Le lecteur applaudit à deux mains devant cette suite de scènes du monde de l'édition, « enlevées » avec brio présentées sur un peu plus de sept-cents pages, en un peu plus de soixante épisodes. Pierre Belfond, directeur de la grande maison d'édition qui porte son nom, pendant un peu moins d'un tiers de siècle (de 1963 à 1990) nous livre là, ni des mémoires, ni une autobiographie, mais côté scène et côté coulisses de grands
moments tirés de sa mémoire et organisés en patchwork. , sans souci chronologique ,avec le seul objectif de nous faire vivre par des exemples et avec passion tous les évènements de la vie d'éditeur ,le plus beau métier du monde. On va ainsi de la remise anonyme du manuscrit ,au livre sollicité (biographie ou
entretiens) ,au pari gagné ou perdu sur un best-seller (le plus terrible sont les best-sellers qui ne se vendent pas), à la réédition d'ouvrages injustement passés inaperçus (avec plus ou moins de succès), à la chance donnée à de jeunes ou moins jeunes auteurs d'une littérature plus élitiste ou spécialisée .Une fois le livre édité se pose le problème du lancement ,de la publicité ,de la diffusion ,du rôle de la critique ,des traductions ou adaptations d'ouvrages étrangers…,des rééditions, etc, etc…Enfin ,(et c'est essentiel ),l'éditeur est un chef d'entreprise avec la double contrainte contradictoire de ne pas perdre d'argent et si possible d'en gagner) et de défendre la vraie littérature .Et ,là ,intervient le principe des vases communicants : les livres à grande diffusion servant par leur succès à financer les publications plus risquées, au public limité. En faut-il alors de l'invention ,de la créativité ,du travail d'équipe pour mettre en place de nouvelles collections dans le cadre de la même maison d'édition. Tous ces temps de la vie d'un éditeur sont en filigrane, et bien connus) et ne sont en réalité passionnants à découvrir que parce qu'ils sont l'occasion de la confrontation d'hommes et de femmes en situation : relation entre auteur et éditeur ,entres éditeurs (concurrence ,compétition ,amitié, complicité ,brouilles ,réconciliations…),entre éditeur et presse ,éditeur et imprimeur ,éditeur et banques…Et c'est là que chaque chapitre est une véritable scène de théâtre , avec sa propre dramaturgie, un court roman ou une nouvelle avec son étude de caractères ,son suspens ,ses rebondissements…C'est alors qu'apparaissent des noms d'auteurs connus ,(
Jean Cocteau ,
Paul Morand,
Henri Michaux,
Jacques Prévert,
Ionesco,
Jean Louis Bory ,
Stefan Sweig ,Cavanna , …),ou comme l'auteur d'un grand bestseller de la maison : « les oiseaux se cachent pour mourir »,(dont on entendra moins parler ensuite),et on apprend beaucoup de choses ,sans langue de bois (par exemple sur l'acteur Kinski ,le chirurgien
Christian Barnard ou le politique Cohn Bendit ) et tant d'autres . Certains sont moins connus ou inconnus : quelques-uns sont réhabilités avec conviction (
Jacques Besse par exemple), et finalement on prend un crayon pour noter des titres que Pierre Belfond nous donne l'envie de découvrir. Au total des centaines de noms entourés d'anecdotes, d'histoire littéraire ou tout simplement d'amitié. Ce qui frappe évidemment dans ce grand puzzle c'est l'éclectisme de l'auteur dont les passions personnelles expliquent une partie des choix : poésie, peintures et
dessins (avec l'organisation d'une grande exposition sur les
dessins d'écrivains), musique (avec biographies et
entretiens avec de grands musiciens), théâtre marqué par l'écriture de quelques pièces de théâtre.

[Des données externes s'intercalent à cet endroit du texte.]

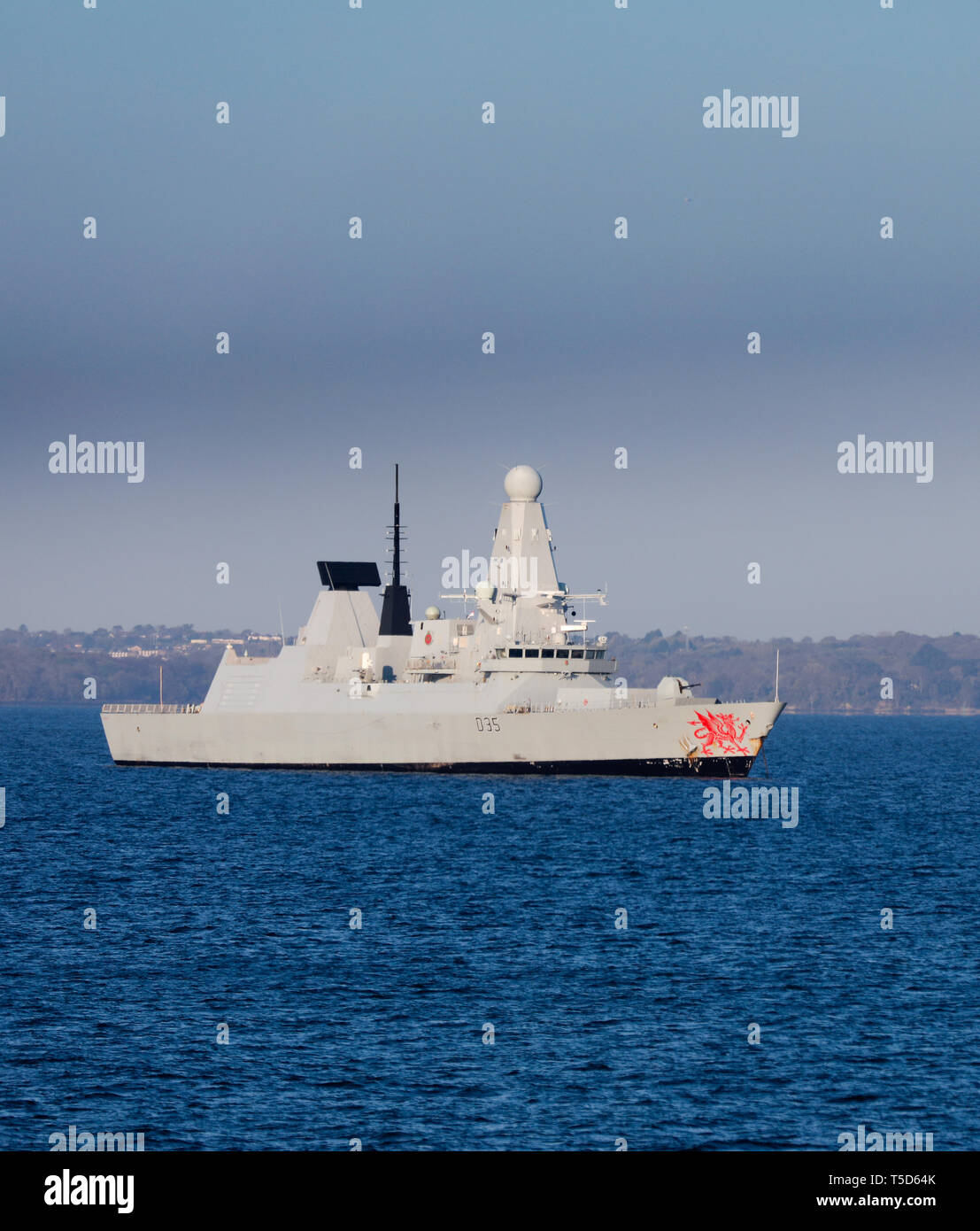 HMS Dragon anchored in the Solent Stock Photo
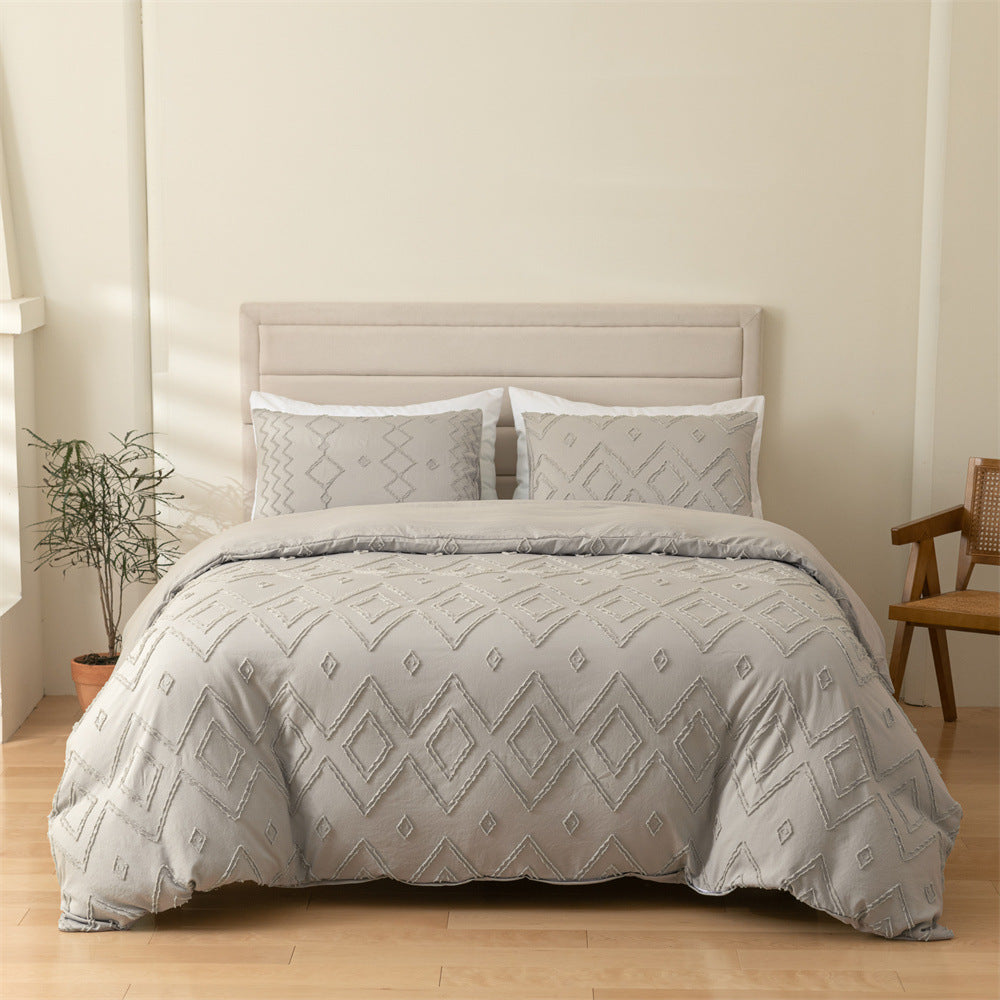 3-Piece Diamond Cut Flower Duvet Cover and Pillowcase Set - Calm Cloud Bedding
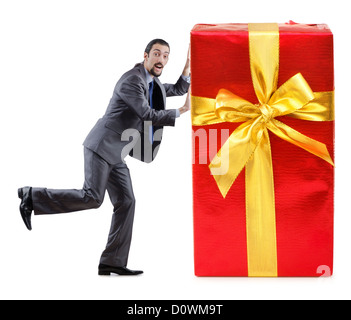 Businessman with gift boxes on white Stock Photo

Enfin l'ouvrage est une balade à
Saint-Germain des Prés avec de bonnes adresses gastronomiques tant il est vrai que les rencontres d'un éditeur se font souvent à table.
Hommage enfin entre les lignes à son épouse Franca qui l'a accompagné dans son activité.
Finalement une véritable Comédie Humaine , que l'auteur passionné ,avec une plume alerte vient compléter après une première publication (Les pendus de
Victor Hugo) de nombreux personnages restent dans les coulisses de sa mémoire et peut-on souhaiter que le point final (définitif)explicité dans la postface reste en interrogation. C'est dire le plaisir que nous avons eu à la lecture.